Murray Vs Leisureplay (2005) EWCA Civ 963

English contract law recognises that, if the parties agree that a party in breach of contract shall pay an unjustifiable amount in the event of a breach of contract, their agreement is to that extent unenforceable.

 

In conclusion, the above cases show that extortionate penalties imposed against consumers for failing to meet obligations are unfair and contrary to the law, yet unless each case is taken individually not a lot is being done to protect consumers despite the laws ruling on the issue.

 

What the Unfair Terms in Consumer Contracts Regulations 1999 No 2083 states:

 

Schedule 2 Indicative and Non-Exhaustive List of Terms which may be Regarded as Unfair

 

(e) requiring any consumer who fails to fulfil his obligation to pay a dis-proportionately high sum in compensation 10 Complaints- consideration by (OFT)

(1) It shall be the duty of the [OFT] to consider any complaint made to [it] that any contract term drawn up for general use is unfair, unless--

(a) the complaint appears to the [OFT] to be frivolous or vexatious; or

(b) a qualifying body has notified the [OFT] that it agrees to consider the complaint.

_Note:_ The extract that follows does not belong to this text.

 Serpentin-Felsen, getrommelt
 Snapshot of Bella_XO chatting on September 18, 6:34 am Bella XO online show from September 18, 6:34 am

(2) The [OFT] shall give reasons for [its] decision to apply or not to apply, as the case may be, for an injunction under regulation 12 in relation to any complaint which these Regulations require [it] to consider.

 

Seems to me that even charging people who park in what are labelled "free" parking areas and then expecting £40 in "compensation" is disproportionate.

 

Am I right in saying that the parking companies cannot take people to court anyway because they are not the landowner?

 

Isn't it also an issue that the car park was open during shop closed hours without a barrier? A sign I noticed states customers who park over the requisite time are liable for the fine; if you are not a customer then surely no contract has been entered into?